In an apparent blow to the disinformation-censorship complex, the State Department’s Global Engagement Center has shut down, its website reports. (The GEC’s operation was not renewed in the new National Defense Authorization Act.)
The GEC ostensibly exists to counter “disinformation” abroad. Among its other activities, it also worked with social media companies within the U.S. to deboost or ban accounts posting material that was not in line with government messaging.

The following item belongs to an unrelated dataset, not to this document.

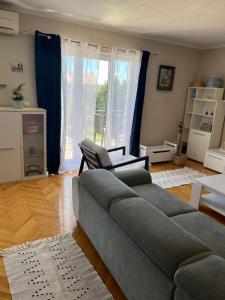 a living room with a couch and a window at Apartment Frane in Kaštela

While the GEC is in the top ranks for the “worst offender in U.S. government censorship [and] media manipulation,” which was how Elon Musk characterized the agency last year, it is unfortunately one of many government agencies concerned with what Jen Easterly has called our “cognitive infrastructure,” or in layman’s terms, “thought control.” While Easterly is presently the director of the Cybersecurity and Infrastructure Security Agency (CISA), she had earlier played a leading role in launching the GEC in 2016 from her perch as the “special assistant to President Barack Obama and senior director for counterterrorism,” together with Joshua Geltzer, who later headed the Biden Administration’s response to the events of January 6, 2021. Easterly and Geltzer oversaw the launch of Obama’s GEC and his “Countering Violent Extremism-Interagency Task Force” during a high-powered coven of deep state actors and Silicon Valley in early January 2016—out of which came the narrative that ISIS online activity was synonymous to those of the “far right.”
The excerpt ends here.